DCSIMG

From Clonmel to the UN, Adi Roche champions the cause of Chernobyl children, innocent victims of nuclear disaster

In the second in our series on Tipperary Newsmakers, Chernobyl Children's Project International founder and inspiration Adi Roche explains how her upbringing in Clonmel gave her a strong sense of social justice and imbued in her the concept of giving neighbours a helping hand. She spoke to EAMONN WYNNE about her amazing journey in life.

It was out of desperation, she admits, that Adi Roche, the founder and public face of the Chernobyl Children's Project International blurted out on a radio interview on RTE's News at One during Christmas week that if necessary she would sell her house to alleviate the funding difficulties that one of the country's best-known charities was being squeezed with, as a consequence of the recession.

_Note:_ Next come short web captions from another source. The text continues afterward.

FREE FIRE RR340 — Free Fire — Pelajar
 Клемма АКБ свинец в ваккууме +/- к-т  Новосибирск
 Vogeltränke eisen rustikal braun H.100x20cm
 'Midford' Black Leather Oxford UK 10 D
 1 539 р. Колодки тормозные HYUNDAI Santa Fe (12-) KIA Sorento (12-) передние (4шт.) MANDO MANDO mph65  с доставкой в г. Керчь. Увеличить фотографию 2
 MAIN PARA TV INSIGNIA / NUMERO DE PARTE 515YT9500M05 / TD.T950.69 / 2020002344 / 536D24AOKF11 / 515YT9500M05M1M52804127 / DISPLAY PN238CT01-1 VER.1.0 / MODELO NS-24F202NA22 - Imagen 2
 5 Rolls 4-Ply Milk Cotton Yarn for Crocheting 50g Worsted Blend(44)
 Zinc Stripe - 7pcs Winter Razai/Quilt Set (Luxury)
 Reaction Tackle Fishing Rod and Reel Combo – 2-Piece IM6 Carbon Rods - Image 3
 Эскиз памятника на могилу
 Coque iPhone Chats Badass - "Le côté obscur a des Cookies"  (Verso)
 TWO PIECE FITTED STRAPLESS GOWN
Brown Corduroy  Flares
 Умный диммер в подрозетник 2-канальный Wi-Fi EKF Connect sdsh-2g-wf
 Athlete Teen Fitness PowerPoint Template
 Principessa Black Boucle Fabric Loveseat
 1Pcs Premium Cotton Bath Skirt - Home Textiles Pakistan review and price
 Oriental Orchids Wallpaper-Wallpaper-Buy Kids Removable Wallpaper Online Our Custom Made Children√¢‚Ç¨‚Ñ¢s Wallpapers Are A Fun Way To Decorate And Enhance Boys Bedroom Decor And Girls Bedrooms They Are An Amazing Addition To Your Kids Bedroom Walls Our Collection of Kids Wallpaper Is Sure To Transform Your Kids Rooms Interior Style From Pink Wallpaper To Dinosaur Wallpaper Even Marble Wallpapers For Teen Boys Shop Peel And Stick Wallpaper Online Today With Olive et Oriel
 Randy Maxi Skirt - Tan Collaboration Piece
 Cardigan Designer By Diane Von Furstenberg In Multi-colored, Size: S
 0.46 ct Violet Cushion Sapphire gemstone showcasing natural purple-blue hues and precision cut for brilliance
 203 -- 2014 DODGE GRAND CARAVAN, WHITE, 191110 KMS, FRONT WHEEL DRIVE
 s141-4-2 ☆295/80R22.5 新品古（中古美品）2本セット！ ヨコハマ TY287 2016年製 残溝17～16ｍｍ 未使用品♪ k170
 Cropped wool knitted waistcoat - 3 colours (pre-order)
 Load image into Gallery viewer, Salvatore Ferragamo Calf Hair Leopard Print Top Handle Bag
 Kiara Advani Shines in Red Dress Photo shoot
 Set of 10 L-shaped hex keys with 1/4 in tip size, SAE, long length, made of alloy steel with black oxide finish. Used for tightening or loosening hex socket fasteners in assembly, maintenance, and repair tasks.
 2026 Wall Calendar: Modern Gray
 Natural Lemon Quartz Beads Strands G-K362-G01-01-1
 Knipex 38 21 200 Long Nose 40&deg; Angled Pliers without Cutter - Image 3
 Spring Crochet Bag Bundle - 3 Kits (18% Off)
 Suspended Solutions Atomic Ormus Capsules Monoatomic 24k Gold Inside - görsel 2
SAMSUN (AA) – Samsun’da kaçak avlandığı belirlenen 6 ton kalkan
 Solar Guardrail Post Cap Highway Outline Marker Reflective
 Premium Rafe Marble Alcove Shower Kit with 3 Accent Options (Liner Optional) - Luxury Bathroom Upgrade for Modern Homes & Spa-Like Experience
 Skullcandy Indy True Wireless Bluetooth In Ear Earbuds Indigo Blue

The interview was broadcast while her husband Sean Dunne, having opted for early retirement from his teaching post at the CBS Secondary School in Cork, was saying farewell to his colleagues, prompting them to suggest that they might need to hold another collection for the couple.

Adi says that she would have sold the house if she had to - “it's only bricks and mortar” - but her unflinching belief in the innate goodness of people meant that the roof over her head was never likely to be removed.

The radio interview was conducted over the 'phone in the arrivals hall of Dublin Airport, as she waited to greet a large contingent of children from Belarus who were spending Christmas with families throughout Ireland. For the next hour or two people who either heard or were made aware of the interview approached her with donations in different currencies amounting to j700.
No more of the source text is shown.